No more was the distinction made between the two camps in Arab politics relevant to the Arab people. Both had failed in fulfilling their promises.

Arab leaders continued to meet in irregular summits. But no one was paying attention anymore. No one expected Arab leaders to confront Israel when it invaded Lebanon in 1982, or when it attacked Gaza in December 2008,or when it attacked Lebanon in 2006, or when the US attacked Iraq - twice.

Arab leaders now meet for a variety of reasons that have nothing to do with the aspirations of the Arab people or dreams of Arab unity.They meet first and foremost to bestow the honour of hosting the summit on one another.

Every year, an Arab ruler and country play host to the summit. That carries with it a certain degree of formal prestige. The leader of that country receives more visitors and dignitaries than usual and is seen on his state TV receiving heads of state, and representatives of international organisations.

Impression of business

Secondly, Arab leaders often meet in order to follow US dictates.

Hosni Mubarak,the Egyptian president, hastily arranged an Arab League meeting in Cairo in the summer of 1990 in order to prevent an Arab consensus from developing  to resolve the crisis created by the Iraqi invasion of Kuwait, because the US was pursuing its own agenda to expel Saddam's army, and to project its power in the region.

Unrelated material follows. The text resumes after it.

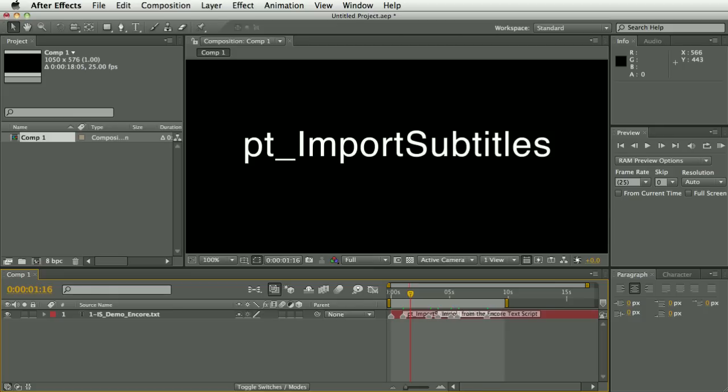Hi, I'm Paul Tursley and this is a demo of PT Import Subtitles. You can use this script to import subtitles into After Effects from either the Encore text script or the SubRip file formats.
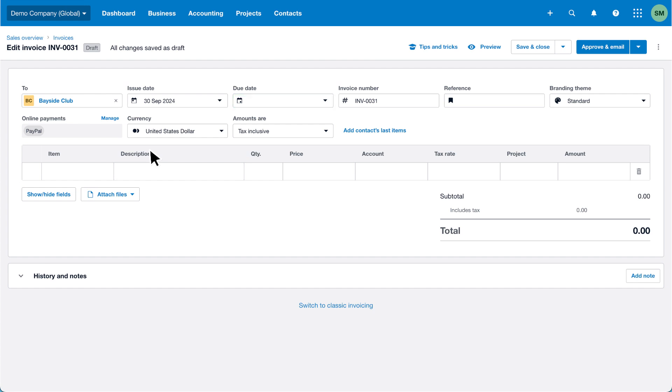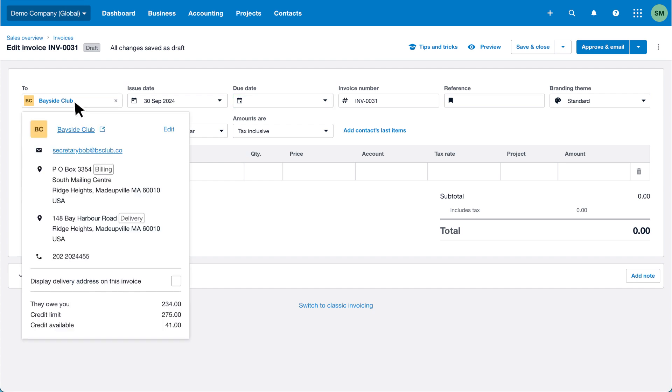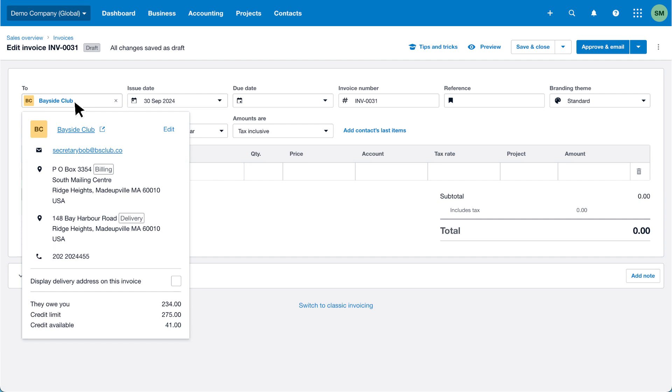Click on the customer name to view additional contact information directly within the invoice. For example, you'll see the billing and delivery address, and you can select the checkbox to display the delivery address on the invoice.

The Arab summit in Beirut in 2002 was also an attempt (largely by Saudi Arabia, but also by other Arab governments as well) to fend off the wrath of the Bush administration in the wake of the September 11 attacks.

Arab leaders have another reason to meet. They like to project an impression of business; that they are attending to the problems of the people. But at some level, they are well aware that no one is paying attention.

Long flowery statements are still issued by Arab leaders, but they are not read anymore. This is not the age of Nasser. This is the era of ageing Arab leaders (or their sons) who lack charisma and popularity.

This is the age of US dominance in the Middle East where Arab leaders are given little room to manoeuvre.

Arab summits were capable of at least rhetorical surprises: the "Three No's" of Khartoum (no to peace with Israel, no to recognition, and no to negotiation) in 1967 are the most famous, but now we know that those governments that officially endorsed the formula were already negotiating secretly with the Israelis.

The US government now keeps a very tight lid over the regimes that it controls.  When King Abdullah, the Saudi monarch, referred to the US occupation in Iraq as "illegitimate" during his opening speech at the Riyadh Arab summit in 2007, a diplomatic crisis ensued and the King has never used that expression since.

The Arab people now are accustomed to gatherings that produce long, tedious documents that no one (except translators at foreign embassies) actually read.

Between watching Syrian and Turkish TV serials, and watching proceedings of Arab summits, the Arab people may be worshipping the remote control. Gone are the days when they were subjected to one state-controlled channel that bombarded them with speeches and daily movements of the "dear Arab leader".